The exact outcome will be determined as research and development has made progress in this area.

Sitemap

In the old days sites often had a "sitemap" which was a standard HTML page showing a tree of all the pages in the site. Some sites still have this feature but Google is pushing an invisible version of this concept: sitemap.xml.

This is a (computer generated) file which describes all known URLs of a website in a XML format. It is based on an open standard developed by Google.

<?xml version="1.0" encoding="UTF-8"?>
<urlset xmlns="http://www.sitemaps.org/schemas/sitemap/0.9">
   <url>
      <loc>http://www.example.com/</loc>
      <lastmod>2005-01-01</lastmod>
      <changefreq>monthly</changefreq>
      <priority>0.8</priority>
   </url>
</urlset>

We will implement a utility which generates such a sitemap based on the information in the Graph database of Historiana. Once made this can run daily to automatically update the map with the latest content added to the site.

Google Search Console

While Google is not the only search engine is it the biggest one and many people use it by default. Which results in many companies buying keywords and trying to beat others and be on the first page of search results.

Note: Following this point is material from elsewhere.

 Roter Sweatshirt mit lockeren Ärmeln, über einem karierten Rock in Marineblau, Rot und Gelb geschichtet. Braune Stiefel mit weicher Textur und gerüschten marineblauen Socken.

This business model brings in a load of money and hence Google created tools for their customers to give insight into their investments. The current name of the main entry point of these tools is Google Search Console; earlier this was called the Webmaster Tools (Wikipedia)

We already set up an account for the Historiana project and we will continue using this tool.

/GoogleSearchConsole.png

Once the generation of the sitemap is done we can use this tool to validate it. Also we will monitor the statistics and use-ability reports it generates.

Quicker managed releases

Historiana is developed using Gitlab and currently the "development" and "master" branch are used for dev.historiana.eu and historiana.eu respectively.

Currently the differences between both versions are too big to allow for quick updates. We should work towards a quicker release cycle as SEO feedback can only be seen on the real live site. There is no use in developing SEO tools and only publish them on the development site.

In order to do this we will need to push the current development site into a state which can be published as live site. Then we need to setup an additional branch in which long-term development can be done. Releasing a new version should be further automated, perhaps even via CI/CD options of Gitlab.

What will NOT be done

Currently some suggest that the real solution to SEO for SPA/PWA applications is the use of a complete Server Side Rendering solution using frameworks like NuxtJS.

We won't go that route.

Although using such a framework is still using Vue it adds another layer of complexity to the system. While we are working on Opening Up Historiana the more generic our web-stack is the better. Even with "just Vue" its difficult to find partners with sufficient experience in coding to add value to project. Adding more nice to the project is counterproductive.

Furthermore as stated in the Vue SSR notes search-bots like Google are constantly improving their javascript support which also lessens the need of such a drastic change in architecture.